Verwaltungsrichterin Viviane Sobotich, Gerichtsschreiberin Jsabelle Mayer.

In Sachen

1.

A,

2. B,

beide vertreten durch RA C,

Beschwerdeführende,

gegen

Migrationsamt des Kantons Zürich,

Beschwerdegegner,

betreffend

Familiennachzug,

hat sich

ergeben:

Sachverhalt

I.

A.

B, geboren im Jahr 1993, Staatsangehöriger von

Nordmazedonien, hielt sich erstmals 2015 in der Schweiz bei seinem Bruder in D

auf. Ein rechtswidriger Aufenthalt in der Schweiz und ein Stellenantritt ohne

Bewilligung wurden wohl in einem Strafverfahren untersucht, konnten B jedoch

nicht nachgewiesen werden. Das Strafverfahren wurde am 2. Juni 2016 durch

die Staatsanwaltschaft Limmattal/Albis eingestellt.

B.

B reiste erneut aus Nordmazedonien kommend 2019

mehrfach in die Schweiz ein: Gemäss eigenen Aussagen lernte er im Januar 2019

die über eine Aufenthaltsbewilligung EU/EFTA verfügende, im Jahr 1979 geborene

ungarische Staatsangehörige A in einer Bar in E kennen. Das bald nach dem

Kennenlernen eingeleitete Ehevorbereitungsverfahren konnte in der Schweiz nicht

erfolgreich abgeschlossen werden, da B die für einen Aufenthalt in der Schweiz

bewilligungsfreie Zeit überschritt und am 27. August 2019 verhaftet wurde.
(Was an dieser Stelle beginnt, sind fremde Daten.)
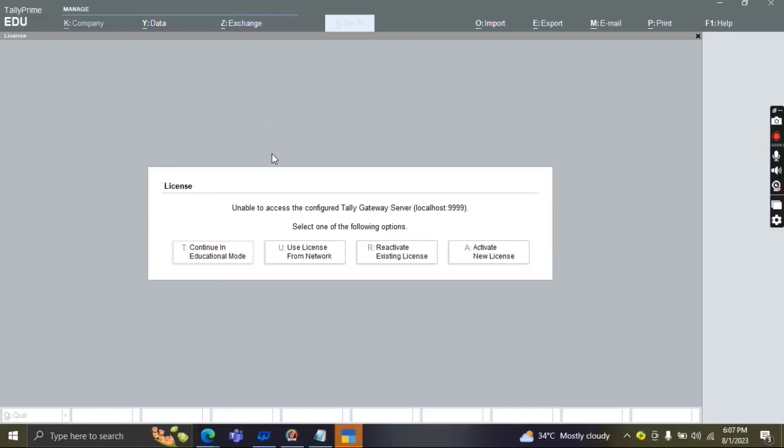One by one, Ganesh, please tell me about company, data, exchange, import, export, email, print, and everything. Please be loud and explain what you understand about all these things.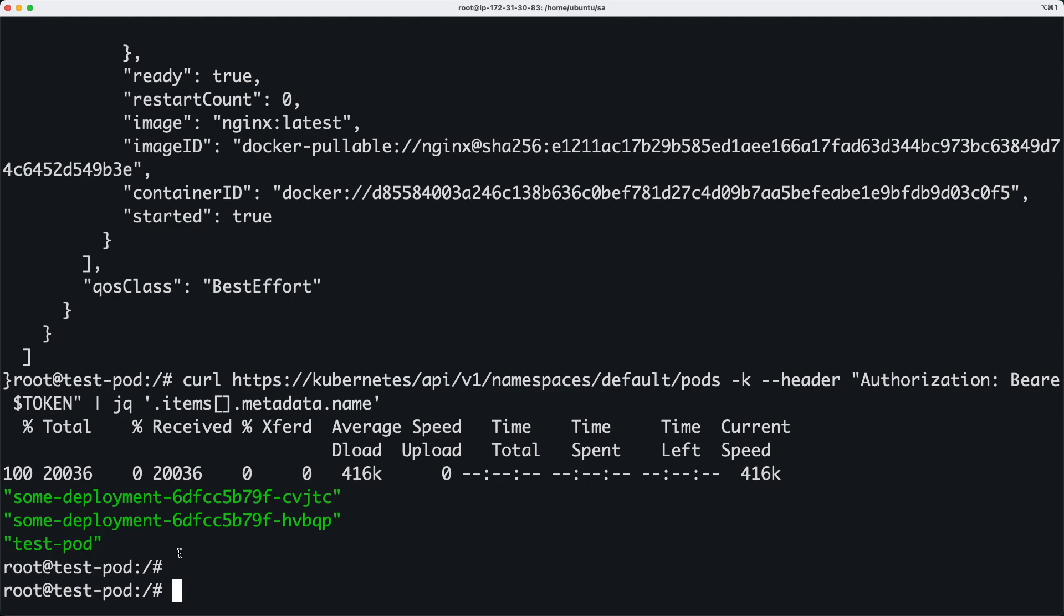So that actually proves that this pod is able to access Kubernetes APIs. If we try to access any other resource it will not work. That's pretty much it. So this is how you use service accounts. Now from this pod you can do node maintenance operations or you want to do deployments of your application and things like that as we mentioned before. I hope that was useful.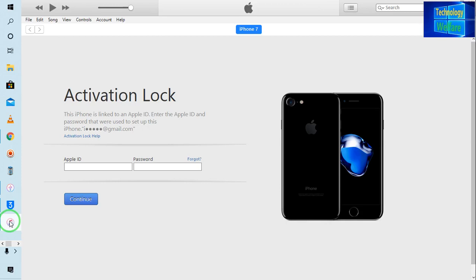Hello guys, welcome. You are watching Technology Welfare. Let's see in this video tutorial how to terminate iCloud Activation Lock from this device.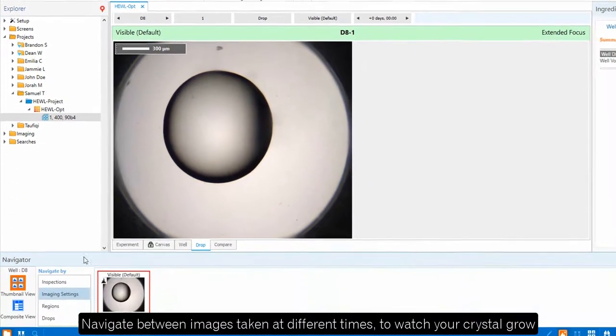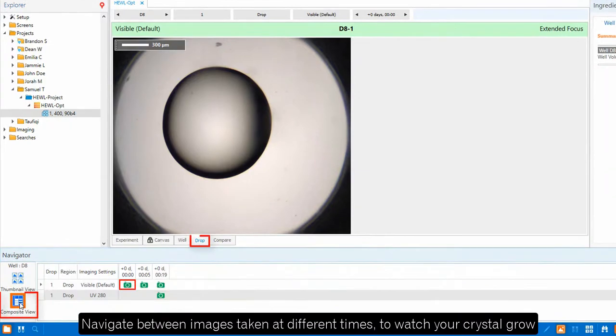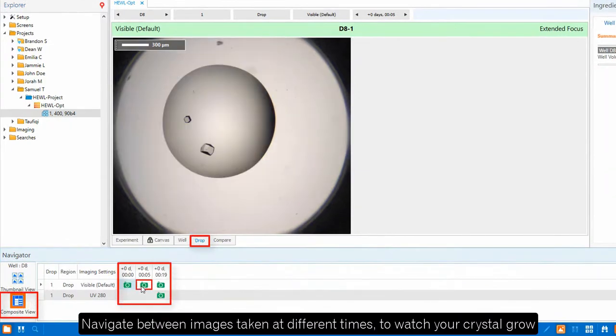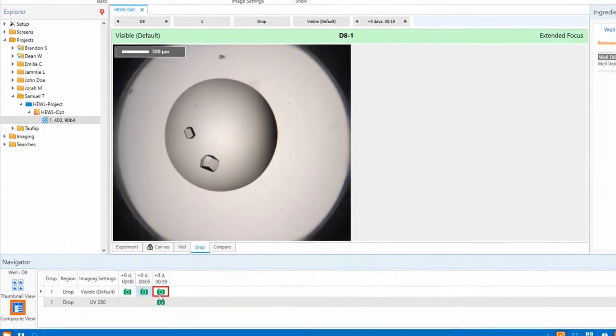You can easily navigate between images taken at different times to watch your crystal grow.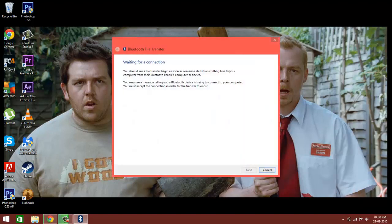Now go back onto your phone and select the files you want to transfer. I will be transferring a picture — let me select one. So I will be transferring this picture via Bluetooth to my laptop.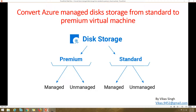Hi friends, welcome to my channel. Today I'm going to show you how to convert a virtual managed disk storage from standard to premium. Microsoft provides two types of disk storage for virtual machines: standard, which uses traditional HDD drives, and premium, which uses SSD. The main difference between them is IOPS — how many input/output operations per second they support for read and write.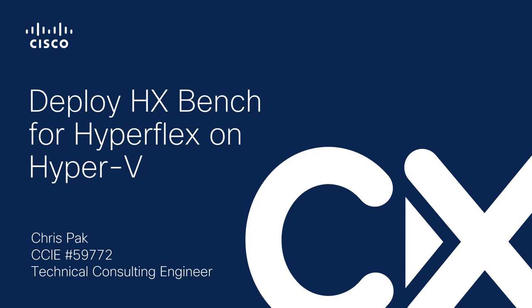In this video, we'll discuss how to deploy the HXBench tool for HyperFlex running on Hyper-V.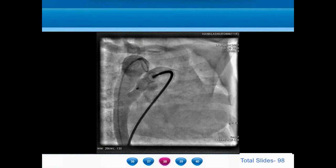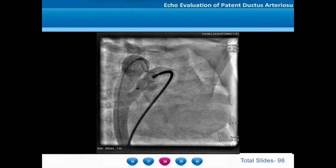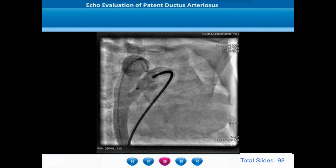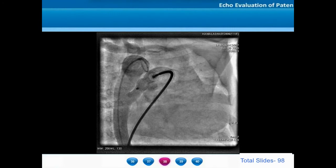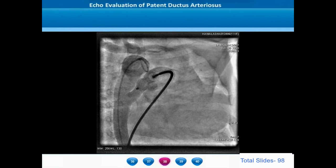Yet another cause of an abnormal PDA course is a patient with a right descending thoracic aorta and a long tubular ductus arising from the mid thoracic aorta, ascending up in the mediastinum and getting inserted in the pulmonary artery bifurcation. These ductus will not be visualized along their entire length and width in the standard ductal views and suprasternal views.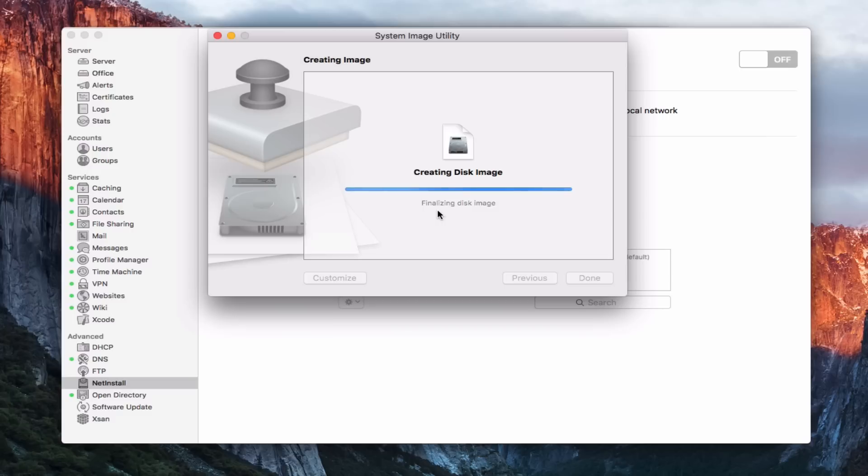And it looks like it's finalizing the disk image there. And so it should be done here in a few seconds. So once that's done, I will show you what it looks like once it's complete.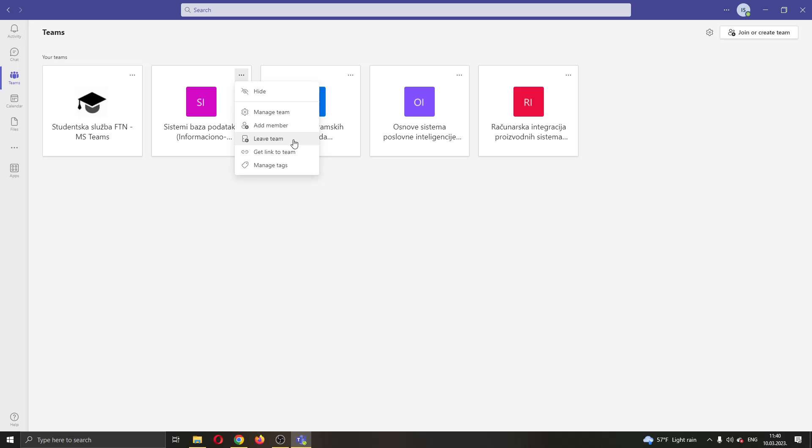Go ahead and click on leave team and just confirm that you're sure you want to leave it. After that, you will have successfully left the team that you do not want to be in.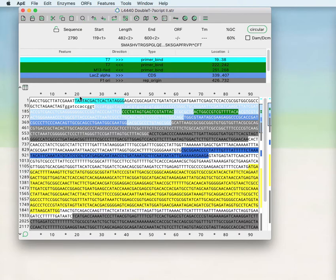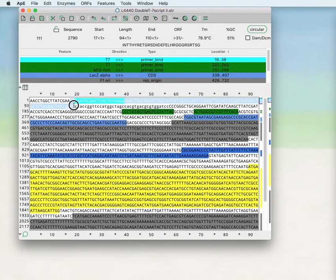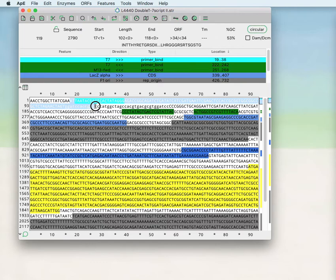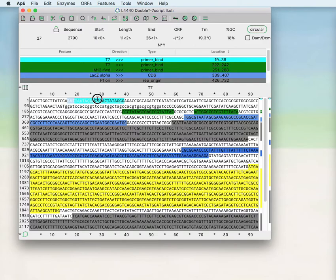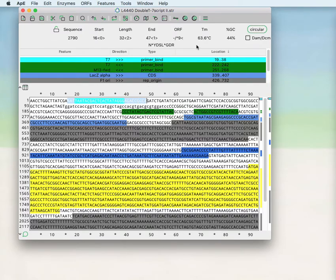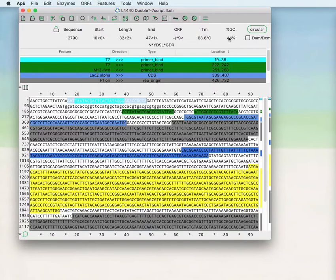Then there is an indication of whether there is an open reading frame in the forward and the reverse direction and how many amino acids long that reading frame is if there is one. For shorter selections, the melting temperature is calculated for the selected DNA as well as the percent GC basis.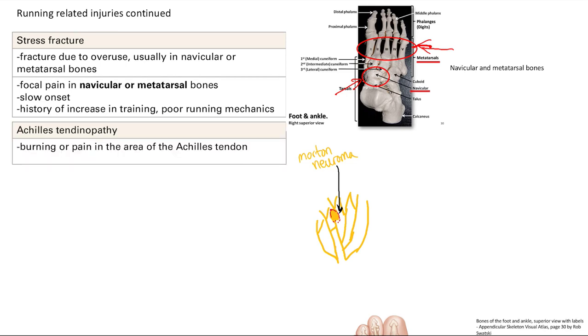Achilles tendinopathy: burning or pain in the area of the Achilles tendon — that's all you need to know. Inflammation in the tendon causes burning pain.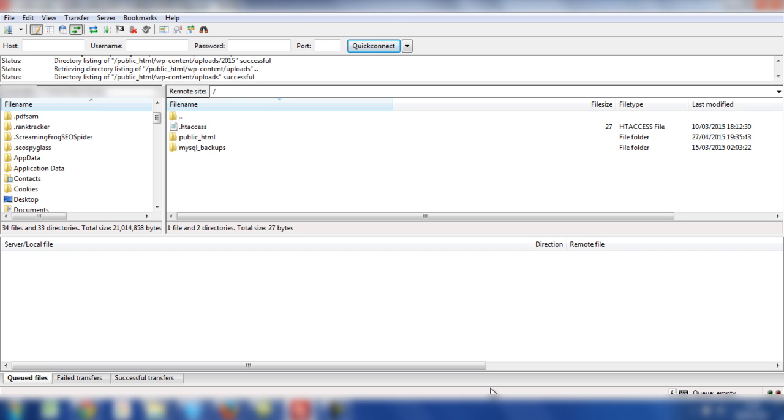Now once the Duplicator plugin process has completed, all the information from the local environment will have transferred to the live host and will be located inside the public HTML folder. So let's double click the public HTML and see what's inside.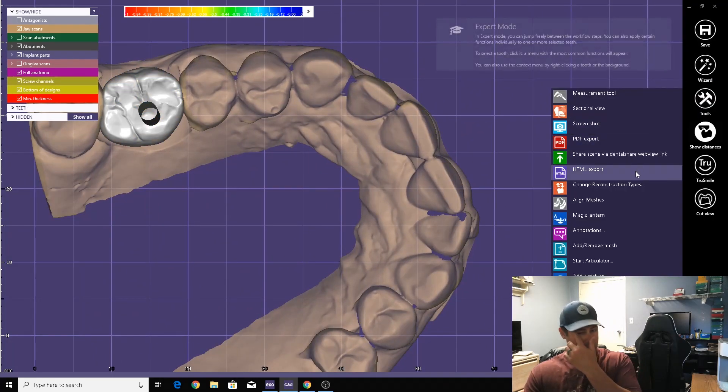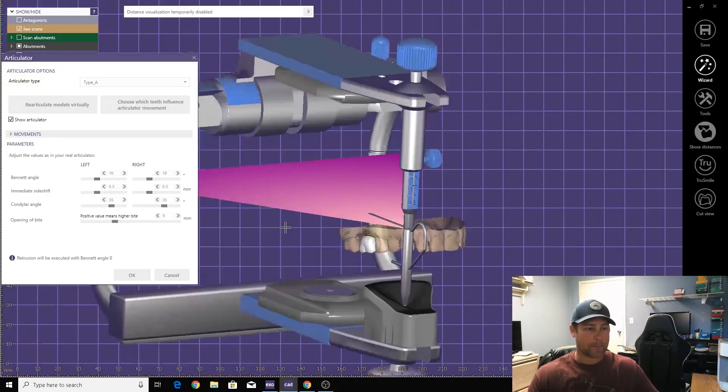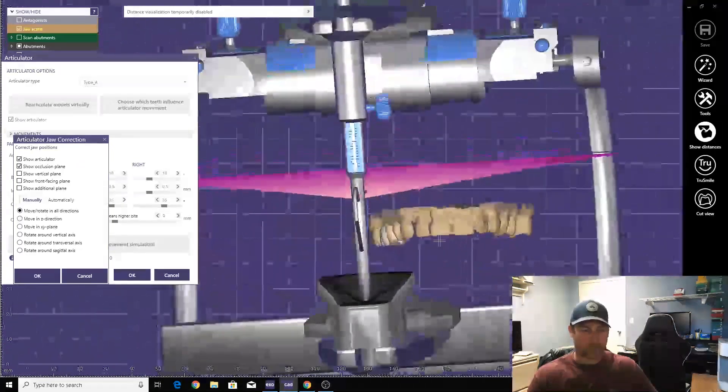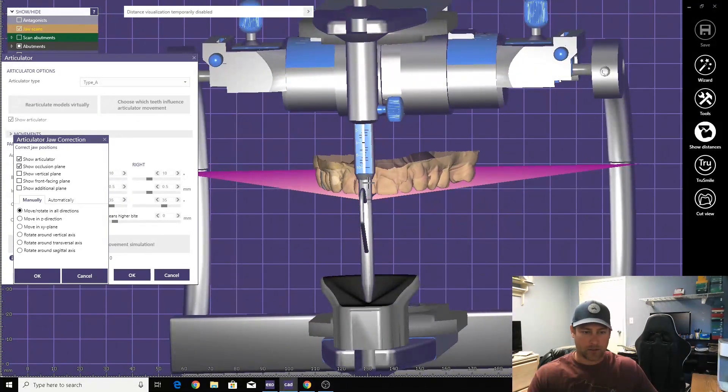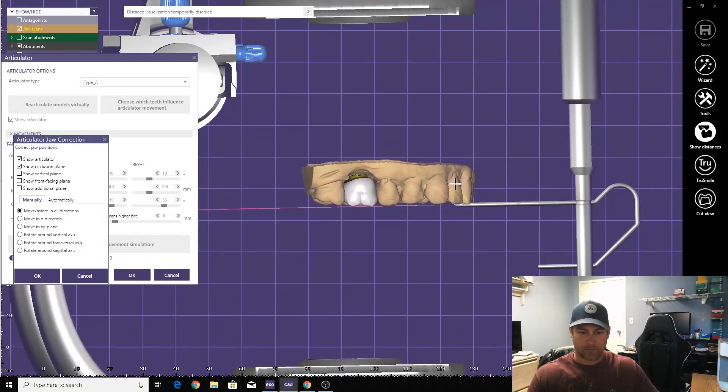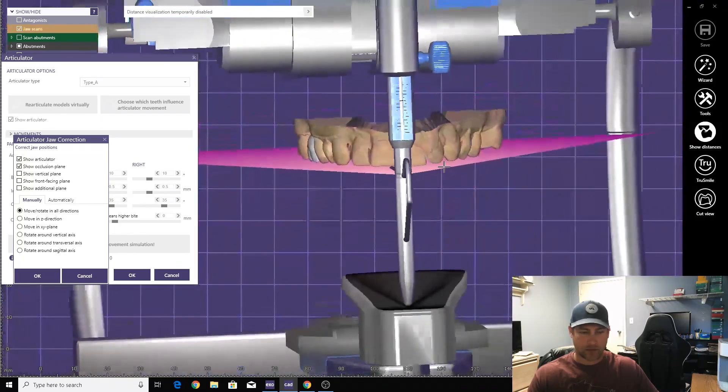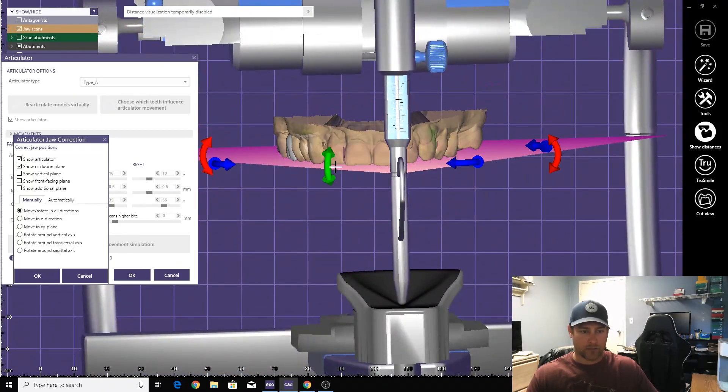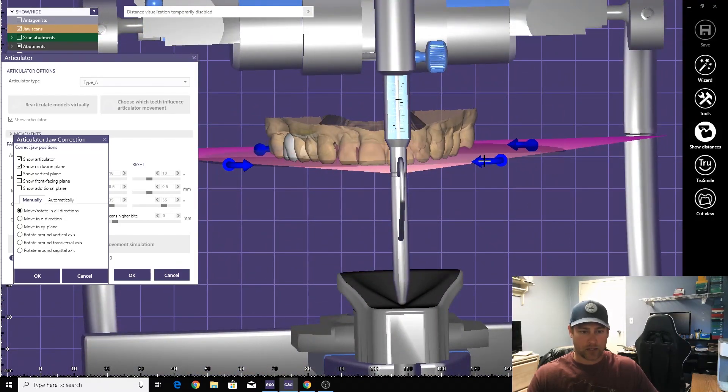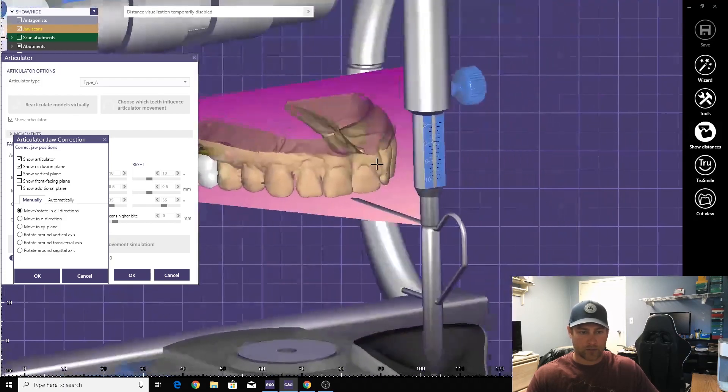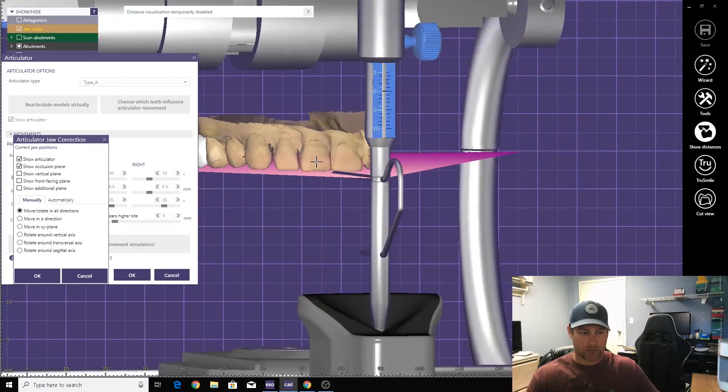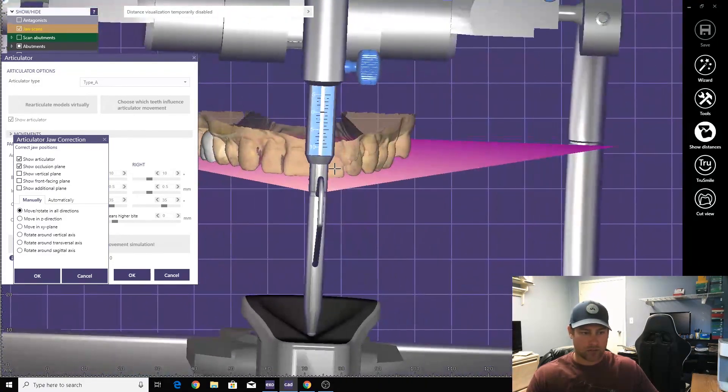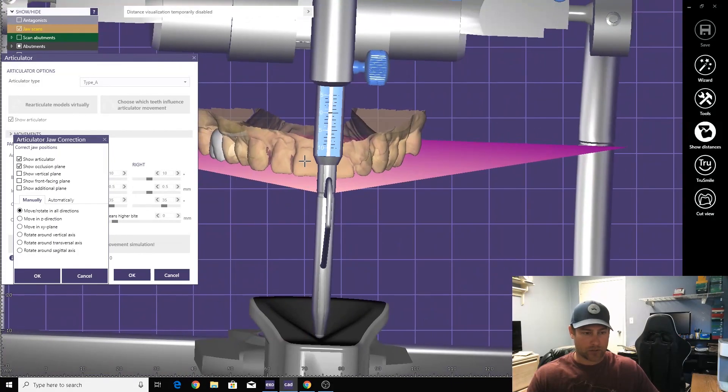All right, cut occlusion. Go to articulator. Line it up on the point. Again, if you guys don't have a 3D mouse, highly, highly recommend it. It'll speed up processing, not burn you out so much.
Mit Strafbefehl der Staatsanwaltschaft Zürich/Sihl vom 29. August

2019 wurde B wegen rechtswidriger Einreise und mehrfachen rechtswidrigen

Aufenthalts im Sinn von Art. 115 Abs. 1 lit. a und b des

Ausländer- und Integrationsgesetzes vom 16. Dezember 2005 (AIG) mit einer

bedingten Geldstrafe von 40 Tagessätzen zu je Fr. 30.- bestraft.

Gleichentags erliess das Staatssekretariat für Migration (SEM) ein bis 29. August

2022 gültiges Einreiseverbot gegen B. Ebenfalls am 29. August 2019 erliess

das Migrationsamt eine Wegweisungsverfügung. Am 31. August 2019 wurde B mit

dem Flugzeug über Belgrad nach I ausgeschafft.

C.

Am 16. September 2019 heirateten A und B in

Nordmazedonien und stellten am 2. Oktober 2019 ein Gesuch um Bewilligung

der Einreise für B in die Schweiz zum Verbleib bei seiner Ehefrau. Nachdem die

Eheleute am 10. März 2020 in der Schweizerischen Botschaft in F (Ehemann)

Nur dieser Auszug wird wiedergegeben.